In 1986, Kazumitsu Ueda, a Japanese cell biochemist, discovered that a Protein called ABCB1 can transport a variety of chemotherapy drugs from some cancer cells, making them resistant to treatment. How it did this has been a mystery for the past 35 years. Now, Ueda and its team published a review article entitled “ABCB1 / mdr1 / P-GP employees an ATP-dependent twist- and -squeeze mechanism to export hydrophobic drugs” in FEBS letters, summarizing their experience after years of research on this and other ATP binding cassette (ABC) transporters. Ueda is now working in the Institute of cell materials science, Kyoto University, Japan.

ABC transporters are very similar in different species and have various transport functions: importing nutrients into cells, exporting toxic compounds out of cells, and regulating lipid concentration in the cell membrane.

ABCB1 is one of these proteins. In the brain, testis, placenta, and other important organs, it is responsible for transporting toxic compounds to the outside of cells. But sometimes, it also transports chemotherapeutic drugs from cancer cells, making them resistant to treatment. The protein spans the cell membrane, reaching into the cell at one end and into the surrounding space at the other. Although scientists have known its function and structure for many years, how it works is still unclear.

Ueda and his team crystallize ABCB1 before and after it transports a compound. They then conducted X-ray tests to determine the difference between the two structures. They also analyzed ABCB1 fused with a fluorescent protein to monitor conformational changes during transport.

They found that compounds destined to be exported to the outside of the cell enter the cavity of the protein through a gate located in the part of ABCB1 in the cell membrane. The compound stays at the top of the cavity, where it attaches to it, triggering structural changes in the protein. This change requires energy, which comes from adenosine triphosphate (ATP). When magnesium ion combines with ATP, the part of ABCB1 in the cell will tightly self-pack and tilt, causing its cavity to contract and then close. This opens up the export of this protein. ATP is also involved in the gradual hardening of ABCB1 from the bottom to the top, leading to twisting and squeezing movements that expel the compound into extracellular space.

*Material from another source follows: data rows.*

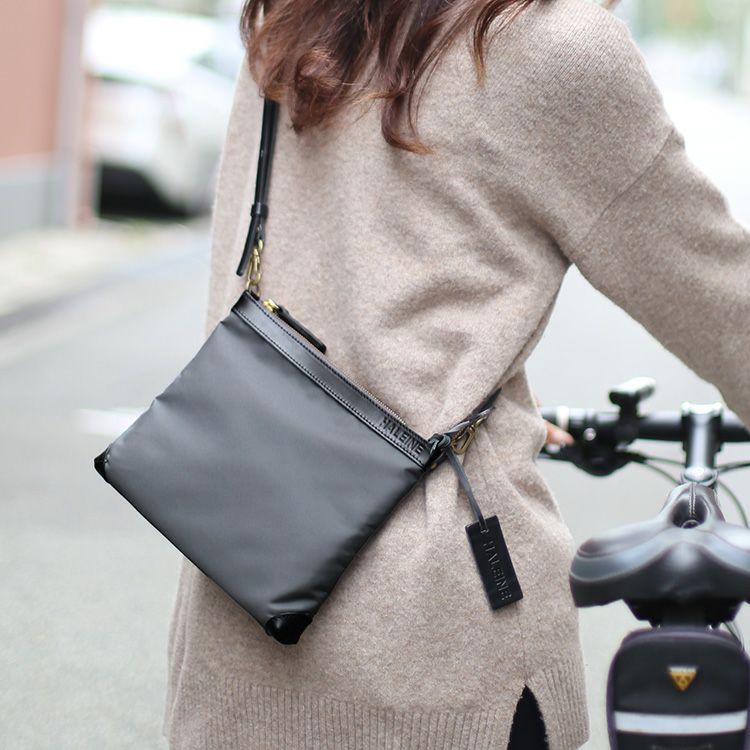 ⭐️極美品⭐️エルメス　サコッシュ　ニュートラベルライン　メンズ　レディース HALEINE 日本製 ナイロン 栃木レザー サコッシュ レディース 横型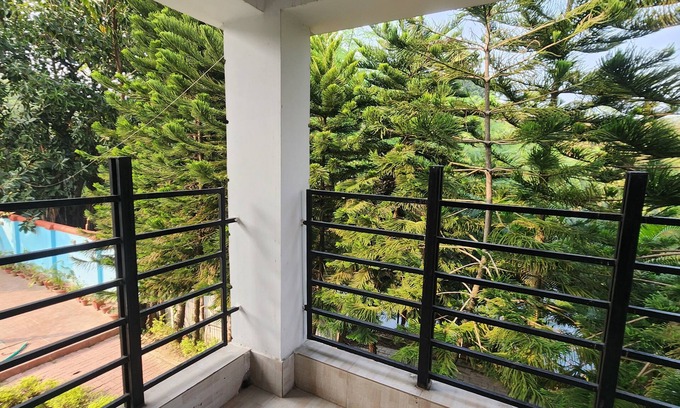 Barddhaman Hotel | Green County Wellness Retreat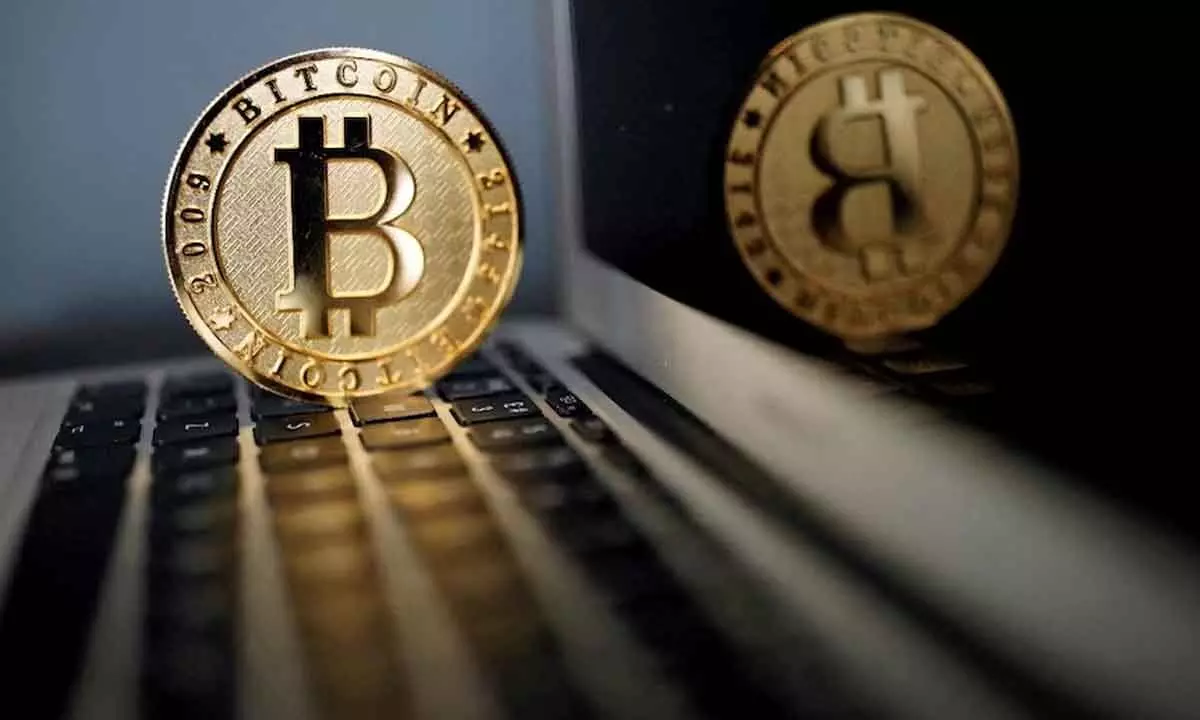 Bitcoin price dips 10% as trading in ETF begins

“This mechanism is different from that of other transporters,” Ueda said, “We hope that our research work can promote the study of other ABC proteins, such as those involved in cholesterol homeostasis”.

Reference

1. Atsushi Kodan et al. ABCB1/MDR1/P-gp employs an ATP-dependent twist-and-squeeze mechanism to export hydrophobic drugs. FEBS Letters, 2020, doi:10.1002/1873-3468.14018.